The problem:
Set down the data below in full and exactly, minus the pictures.
Segment Start: Excerpted data
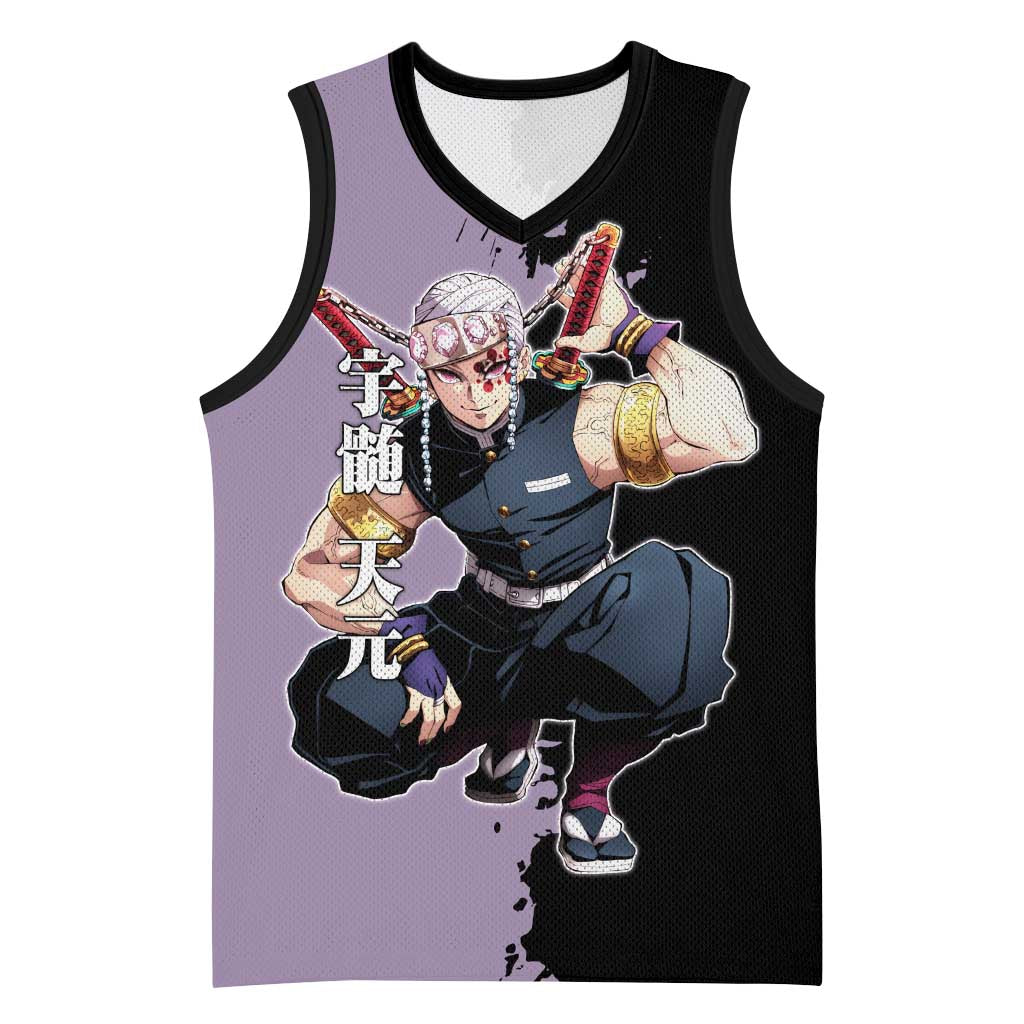 Tengen Uzui from Demon Slayer Basketball Jersey with Purple and Black Split Design and Dual Sword Manga Panel Layout - The Mazicc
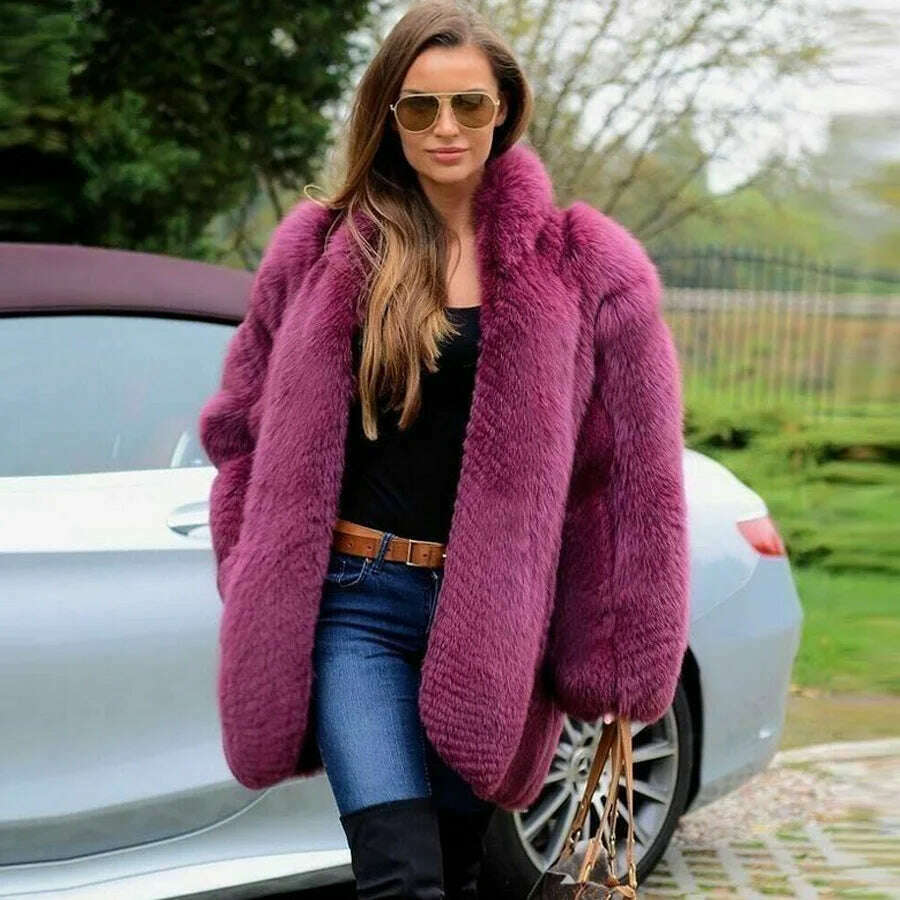 KIMLUD, BFFUR Fashion Purple Natural Fox Fur Coat Women Winter 2022 New Whole Skin Fox Fur Jackets Medium Length Thick Warm Fur Overcoat, KIMLUD Women's Clothes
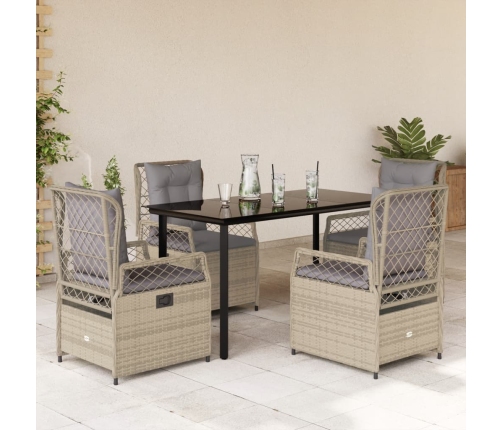 Set comedor de jardín 5 pzas con cojines ratán sintético beige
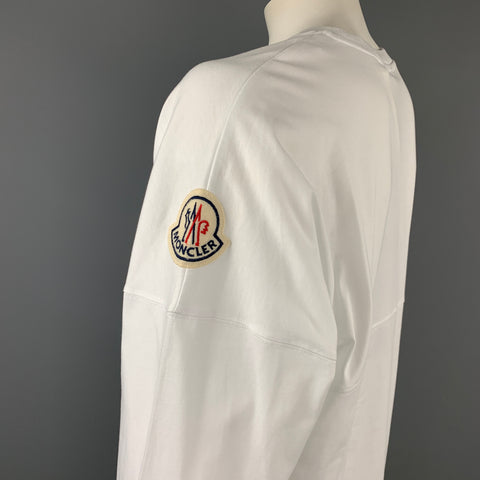 MONCLER Size L White Logo Cotton Long Sleeve T-shirt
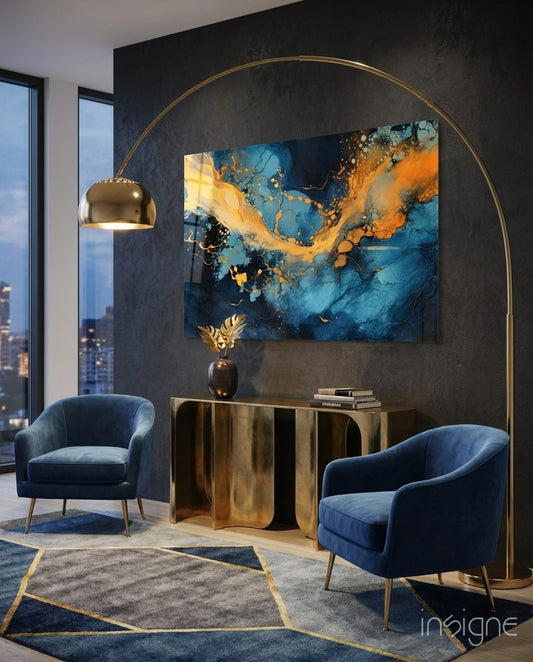 Cobalt and gold marble fluid-art glass wall art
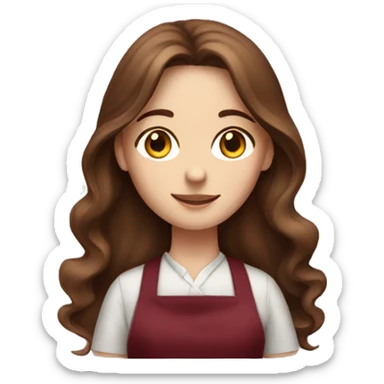 a white girl with long brown hair in a burgundy apron sticker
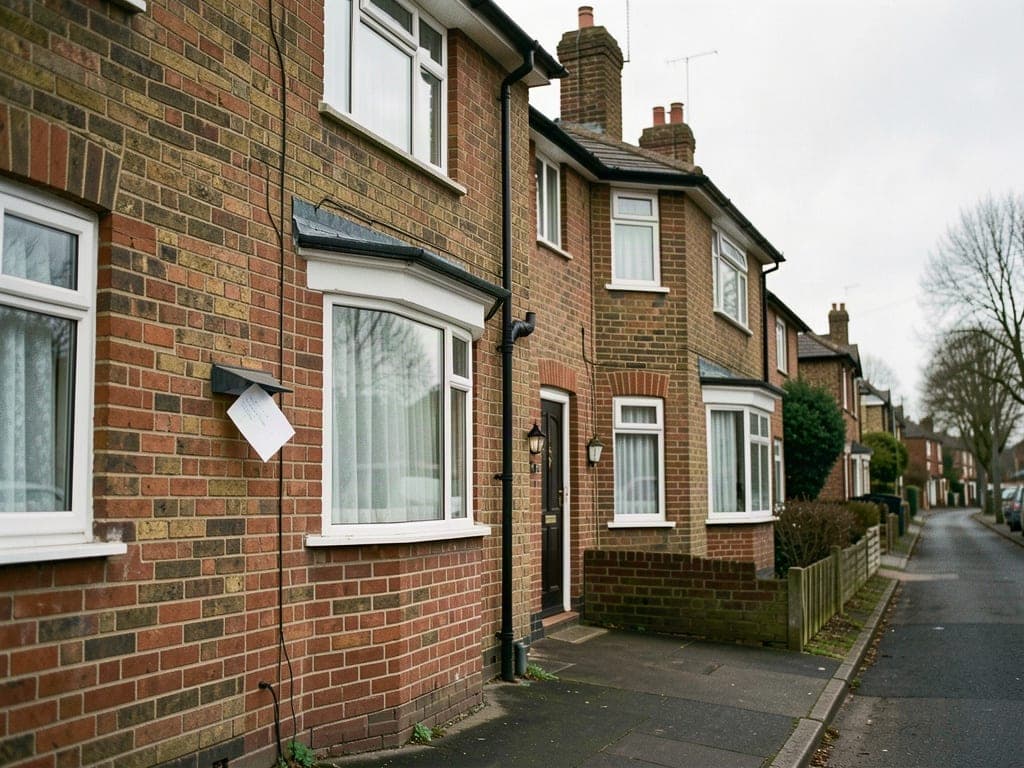 A brick terraced house with the curtains drawn and a letter in the letterbox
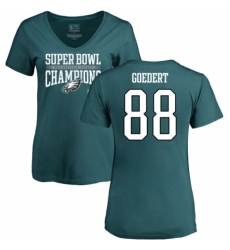 Women's Nike Philadelphia Eagles #88 Dallas Goedert Green Super Bowl LII Champions V-Neck T-Shirt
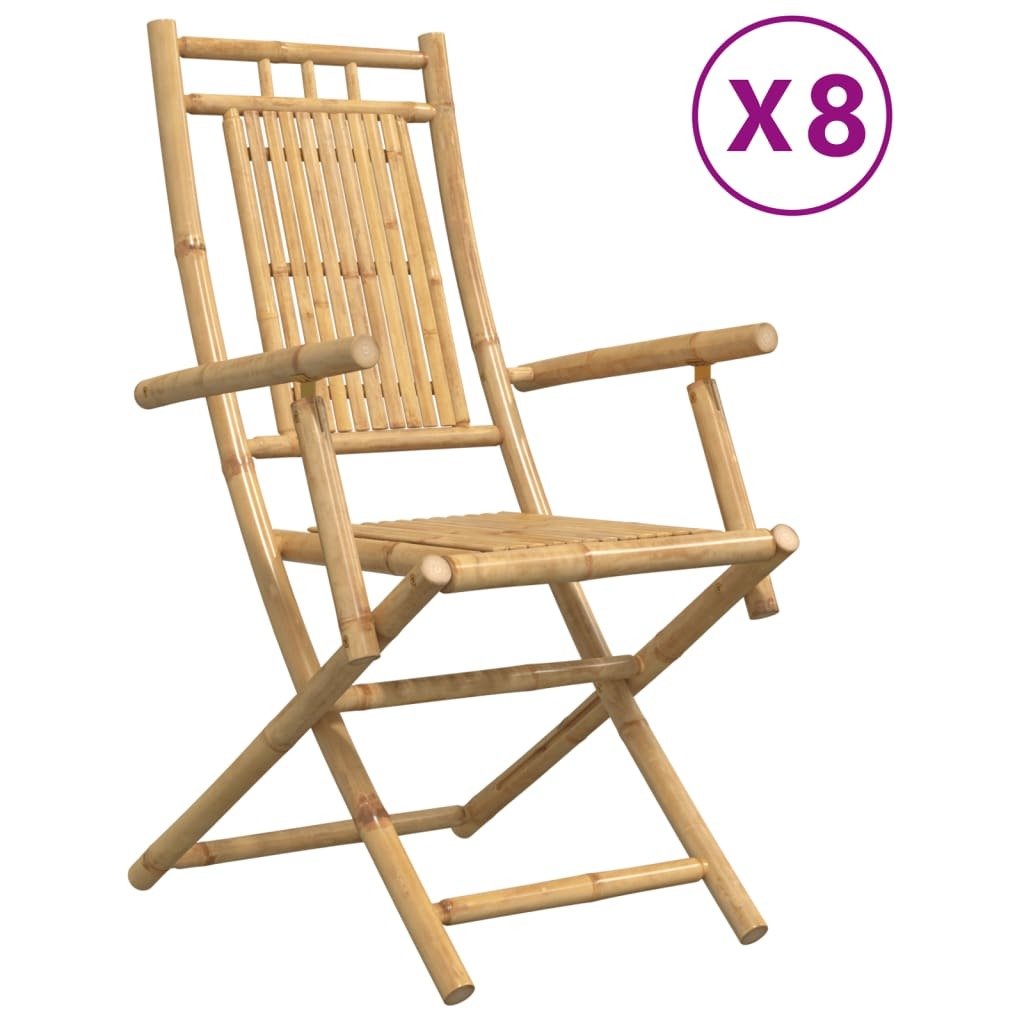 vidaXL Krzesła ogrodowe 8 szt. Składane 53x66x99 cm Bambus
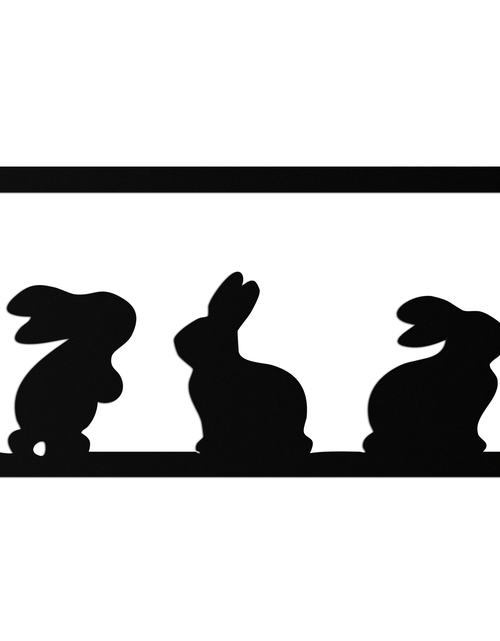 Load image into Gallery viewer, Three Bunny Silhouette Metal Wall Art – Minimalist Black Animal Decor for Nursery and Home- KAF551
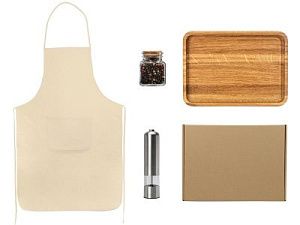 Подарочный набор для кухни с фартуком, подносом, мельницей и специями, цвет: коричневый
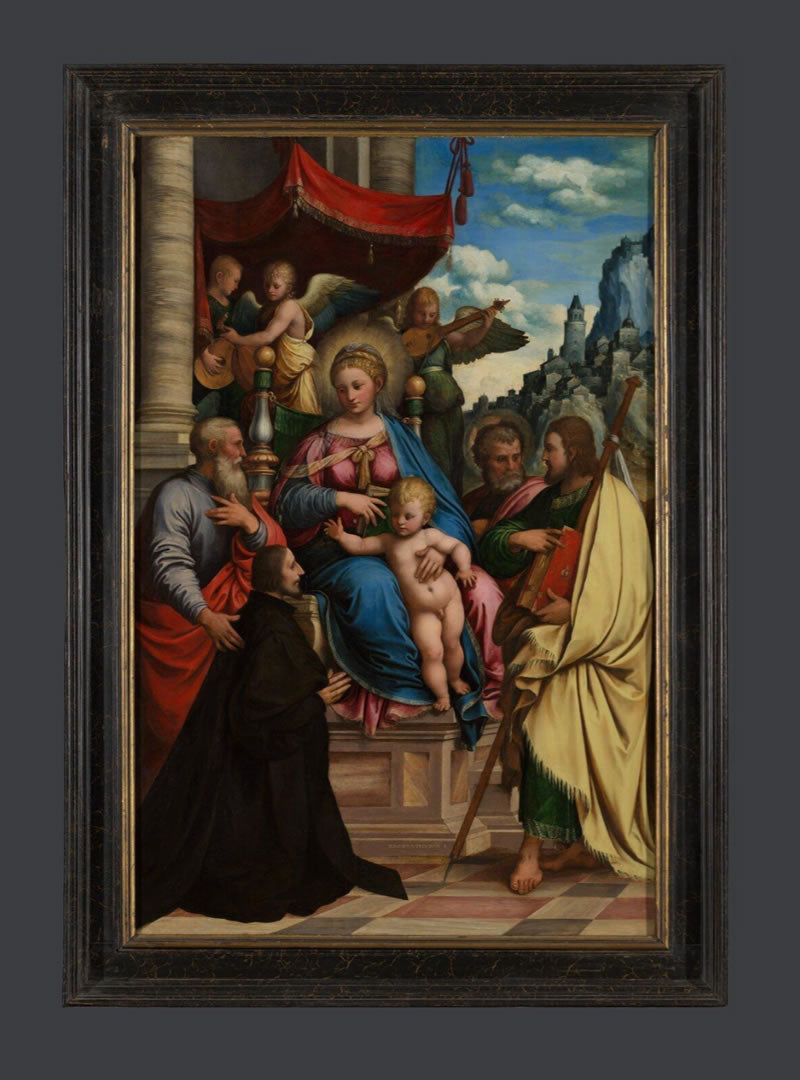 The Virgin and Child with Saints Joseph, Philip and James, and Filippo Fasanini at Prayer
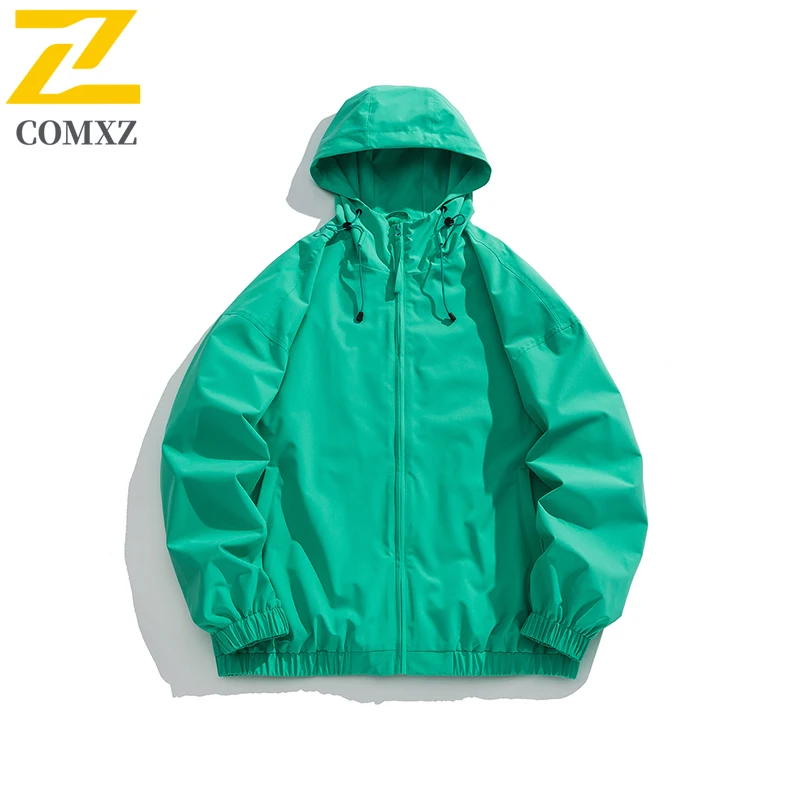 

Men Jacket Hooded Contrast Color Windproof Waterproof Outerwear Outdoor Camping Trekking Travel Lightweight Breathable Jackets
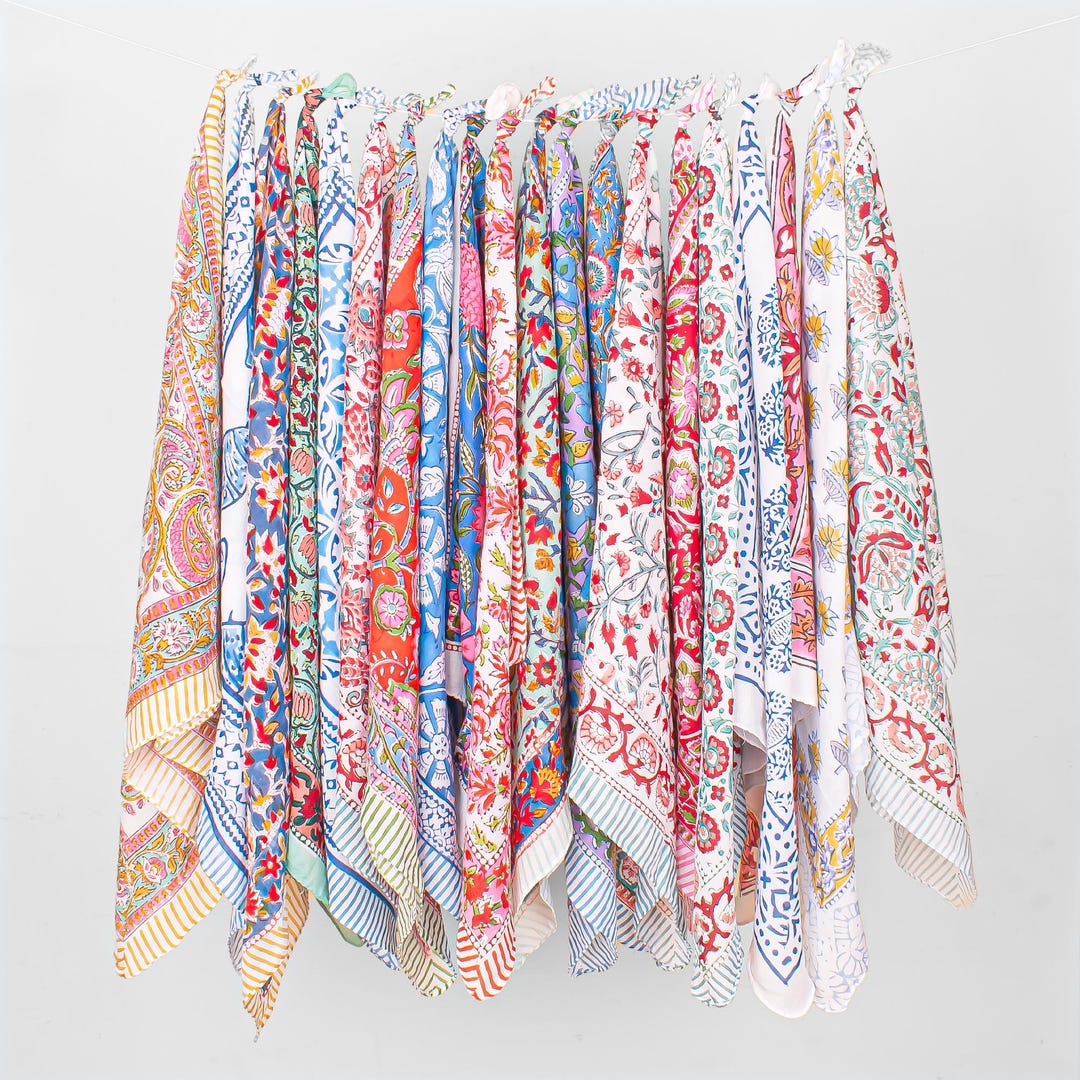 20 Cotton Bandanas Set | Lightweight Head Scarves, Festival Party ...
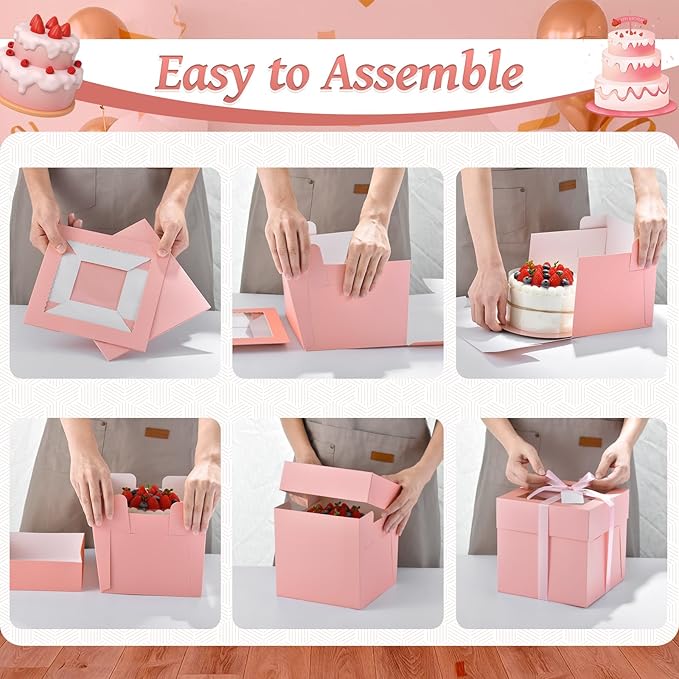30Pcs Cake Boxes, 12x12x6 Inch Bakery Boxes with Window, 15Pcs Large Pink Dessert Boxes(15Pcs Cake Boards), Cake Carrier Container Disposable Pie Boxes Package for Pastries Cookies Cupcakes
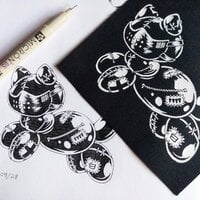 NEW! Patched-up Balloon Cat with Muzzle Mask Goth Punk Sew-on Patches - Thumbnail 4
Segment End: Excerpted data
Written answer:
 Tengen Uzui from Demon Slayer Basketball Jersey with Purple and Black Split Design and Dual Sword Manga Panel Layout - The Mazicc
 KIMLUD, BFFUR Fashion Purple Natural Fox Fur Coat Women Winter 2022 New Whole Skin Fox Fur Jackets Medium Length Thick Warm Fur Overcoat, KIMLUD Women's Clothes
 Set comedor de jardín 5 pzas con cojines ratán sintético beige
 MONCLER Size L White Logo Cotton Long Sleeve T-shirt
 Cobalt and gold marble fluid-art glass wall art
 a white girl with long brown hair in a burgundy apron sticker
 A brick terraced house with the curtains drawn and a letter in the letterbox
 Women's Nike Philadelphia Eagles #88 Dallas Goedert Green Super Bowl LII Champions V-Neck T-Shirt
 vidaXL Krzesła ogrodowe 8 szt. Składane 53x66x99 cm Bambus
 Load image into Gallery viewer, Three Bunny Silhouette Metal Wall Art – Minimalist Black Animal Decor for Nursery and Home- KAF551
 Подарочный набор для кухни с фартуком, подносом, мельницей и специями, цвет: коричневый
 The Virgin and Child with Saints Joseph, Philip and James, and Filippo Fasanini at Prayer

Men Jacket Hooded Contrast Color Windproof Waterproof Outerwear Outdoor Camping Trekking Travel Lightweight Breathable Jackets
 20 Cotton Bandanas Set | Lightweight Head Scarves, Festival Party ...
30Pcs Cake Boxes, 12x12x6 Inch Bakery Boxes with Window, 15Pcs Large Pink Dessert Boxes(15Pcs Cake Boards), Cake Carrier Container Disposable Pie Boxes Package for Pastries Cookies Cupcakes
 NEW! Patched-up Balloon Cat with Muzzle Mask Goth Punk Sew-on Patches - Thumbnail 4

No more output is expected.